Die Plattform basiert auf Automatisierung, künftig auch mit KI. Aktuell werden über 30 Datenquellen verwendet. In manchen Fällen kennt der Kunde den Preis erst nach dem Tanken – etwa 1,50 Euro in Frankreich. Zwei Wochen lang wird diese Tankstelle dann gemieden, obwohl sich der Preis längst geändert haben könnte.

„Zwei Anbieter verkaufen an derselben Tankstelle zu verschiedenen Konditionen. Ohne exakte Datenplanung zahlt der Kunde am Ende 1,70 statt 1,50 Euro“, warnt Miliukas.

Die Entwicklung von Unvero dauerte rund zwei Jahre, die Investitionssumme betrug ca. 500.000 Euro. Im zweiten Jahr wurde ein Gewinn von 80.000 Euro erwirtschaftet. Mittlerweile wurde auch ein Büro in Berlin eröffnet, Ziel ist die Integration in alle gängigen TMS.

Potenzial besonders für kleinere Spediteure

Osvaldas Švitra, CEO der cargoGO Group, bestätigt die Relevanz solcher Lösungen. Große Unternehmen arbeiten bereits mit Telematiksystemen, in denen die vereinbarten Tagespreise mit den Rabatten angezeigt werden. Für kleinere Spediteure sei der Mehrwert aber noch größer, da ihnen häufig Informationen fehlen oder sie mehrere Tankkarten nutzen.
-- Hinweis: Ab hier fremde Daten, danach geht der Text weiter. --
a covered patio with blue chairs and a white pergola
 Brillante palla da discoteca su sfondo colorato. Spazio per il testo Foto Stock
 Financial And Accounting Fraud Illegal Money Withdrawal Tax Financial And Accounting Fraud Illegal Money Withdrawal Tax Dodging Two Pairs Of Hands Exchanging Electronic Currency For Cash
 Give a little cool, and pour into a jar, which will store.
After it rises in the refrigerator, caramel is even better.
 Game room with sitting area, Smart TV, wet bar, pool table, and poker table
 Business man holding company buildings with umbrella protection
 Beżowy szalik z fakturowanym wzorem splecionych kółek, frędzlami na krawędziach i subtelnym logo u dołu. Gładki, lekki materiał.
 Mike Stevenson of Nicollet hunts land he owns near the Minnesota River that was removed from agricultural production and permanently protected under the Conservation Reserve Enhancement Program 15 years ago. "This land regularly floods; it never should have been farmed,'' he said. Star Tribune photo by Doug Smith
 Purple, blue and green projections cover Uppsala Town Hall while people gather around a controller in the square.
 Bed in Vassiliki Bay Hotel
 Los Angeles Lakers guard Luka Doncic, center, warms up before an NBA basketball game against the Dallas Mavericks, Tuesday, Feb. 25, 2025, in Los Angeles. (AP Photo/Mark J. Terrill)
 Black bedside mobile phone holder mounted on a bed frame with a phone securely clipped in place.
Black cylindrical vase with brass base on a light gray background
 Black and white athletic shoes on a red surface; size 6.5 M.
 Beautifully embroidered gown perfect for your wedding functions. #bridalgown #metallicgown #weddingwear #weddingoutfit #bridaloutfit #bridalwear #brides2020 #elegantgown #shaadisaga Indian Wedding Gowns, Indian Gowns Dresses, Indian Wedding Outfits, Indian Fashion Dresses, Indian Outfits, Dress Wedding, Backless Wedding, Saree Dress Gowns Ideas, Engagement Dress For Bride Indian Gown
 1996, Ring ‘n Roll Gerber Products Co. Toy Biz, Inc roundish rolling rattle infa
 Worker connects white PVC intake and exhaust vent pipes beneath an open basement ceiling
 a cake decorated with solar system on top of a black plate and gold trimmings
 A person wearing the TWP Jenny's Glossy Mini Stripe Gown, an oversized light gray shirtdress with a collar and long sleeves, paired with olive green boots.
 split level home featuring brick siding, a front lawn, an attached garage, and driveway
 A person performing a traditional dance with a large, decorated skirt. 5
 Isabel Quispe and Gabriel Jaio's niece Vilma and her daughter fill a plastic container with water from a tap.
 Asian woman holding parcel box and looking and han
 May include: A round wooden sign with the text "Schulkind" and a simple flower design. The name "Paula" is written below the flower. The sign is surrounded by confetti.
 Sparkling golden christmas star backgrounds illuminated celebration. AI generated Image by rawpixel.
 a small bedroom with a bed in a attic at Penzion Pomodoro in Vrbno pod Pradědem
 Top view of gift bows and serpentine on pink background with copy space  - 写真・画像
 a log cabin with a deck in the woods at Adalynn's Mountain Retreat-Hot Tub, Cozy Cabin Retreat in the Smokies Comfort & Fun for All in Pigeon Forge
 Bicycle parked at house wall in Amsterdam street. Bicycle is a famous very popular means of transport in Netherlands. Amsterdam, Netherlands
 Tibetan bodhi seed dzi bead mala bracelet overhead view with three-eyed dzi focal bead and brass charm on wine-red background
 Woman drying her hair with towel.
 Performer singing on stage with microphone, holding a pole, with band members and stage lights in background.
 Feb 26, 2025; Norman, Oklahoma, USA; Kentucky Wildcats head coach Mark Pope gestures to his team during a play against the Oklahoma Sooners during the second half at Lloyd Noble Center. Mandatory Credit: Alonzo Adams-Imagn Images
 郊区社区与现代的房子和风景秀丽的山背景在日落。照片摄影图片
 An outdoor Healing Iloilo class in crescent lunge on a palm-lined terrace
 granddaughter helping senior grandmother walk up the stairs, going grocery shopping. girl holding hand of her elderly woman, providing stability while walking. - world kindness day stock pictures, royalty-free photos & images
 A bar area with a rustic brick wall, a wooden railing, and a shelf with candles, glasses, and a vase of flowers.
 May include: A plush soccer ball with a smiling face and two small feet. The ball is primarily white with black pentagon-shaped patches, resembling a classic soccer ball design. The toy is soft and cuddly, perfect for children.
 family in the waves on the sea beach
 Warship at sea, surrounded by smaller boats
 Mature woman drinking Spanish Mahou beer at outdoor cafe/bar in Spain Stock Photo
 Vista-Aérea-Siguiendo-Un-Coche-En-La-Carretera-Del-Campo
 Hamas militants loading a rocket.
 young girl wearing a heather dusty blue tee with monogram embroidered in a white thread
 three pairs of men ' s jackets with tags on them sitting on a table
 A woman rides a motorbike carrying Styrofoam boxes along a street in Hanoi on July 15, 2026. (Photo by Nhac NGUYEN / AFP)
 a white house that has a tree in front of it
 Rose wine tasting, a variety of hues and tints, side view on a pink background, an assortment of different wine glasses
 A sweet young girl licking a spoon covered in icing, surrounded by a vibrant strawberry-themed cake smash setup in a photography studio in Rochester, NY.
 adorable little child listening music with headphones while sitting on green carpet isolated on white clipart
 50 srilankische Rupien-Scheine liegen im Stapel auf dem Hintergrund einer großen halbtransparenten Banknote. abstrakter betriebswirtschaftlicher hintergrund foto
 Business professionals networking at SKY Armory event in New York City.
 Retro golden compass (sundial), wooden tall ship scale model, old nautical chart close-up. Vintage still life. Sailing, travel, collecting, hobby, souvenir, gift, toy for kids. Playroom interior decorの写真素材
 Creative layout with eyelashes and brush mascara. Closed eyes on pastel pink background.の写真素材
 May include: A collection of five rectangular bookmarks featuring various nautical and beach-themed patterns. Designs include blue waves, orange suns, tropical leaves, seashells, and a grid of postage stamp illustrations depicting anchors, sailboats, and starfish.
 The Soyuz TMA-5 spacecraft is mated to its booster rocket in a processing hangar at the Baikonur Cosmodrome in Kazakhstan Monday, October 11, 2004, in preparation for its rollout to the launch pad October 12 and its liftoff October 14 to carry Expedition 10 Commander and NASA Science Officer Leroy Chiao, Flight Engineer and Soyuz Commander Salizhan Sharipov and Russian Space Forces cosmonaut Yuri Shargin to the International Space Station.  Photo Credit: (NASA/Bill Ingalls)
„Wenn solche Systeme helfen, Chaos zu beseitigen und Kosten zu senken – umso besser“, resümiert Švitra. Denn: „Kraftstoff macht 30 % der Ausgaben im Transportsektor aus – schon kleine Verbesserungen führen zu enormen Einsparungen.“

Fazit

Die Plattform Unvero zeigt, wie durch Digitalisierung und datenbasierte Analyse enorme Effizienzpotenziale im Transportsektor gehoben werden können. Statt sich auf gewohnheitsgetriebene Entscheidungen, intransparente Preisstrukturen oder fehleranfällige manuelle Prozesse zu verlassen, erhalten Transportunternehmen ein präzises, unabhängiges Werkzeug zur Optimierung ihrer Kraftstoffkosten. In einem Umfeld, in dem Treibstoff einen erheblichen Teil der Betriebsausgaben ausmacht, kann der gezielte Einsatz solcher Technologien über Wettbewerbsfähigkeit und Rentabilität entscheiden. Besonders für kleinere Unternehmen, die bislang auf professionelle IT-Lösungen verzichtet haben, eröffnet sich damit die Chance, Preischaos durch Transparenz zu ersetzen – und aus vermeintlich kleinen Beträgen erhebliche Einsparungen zu realisieren.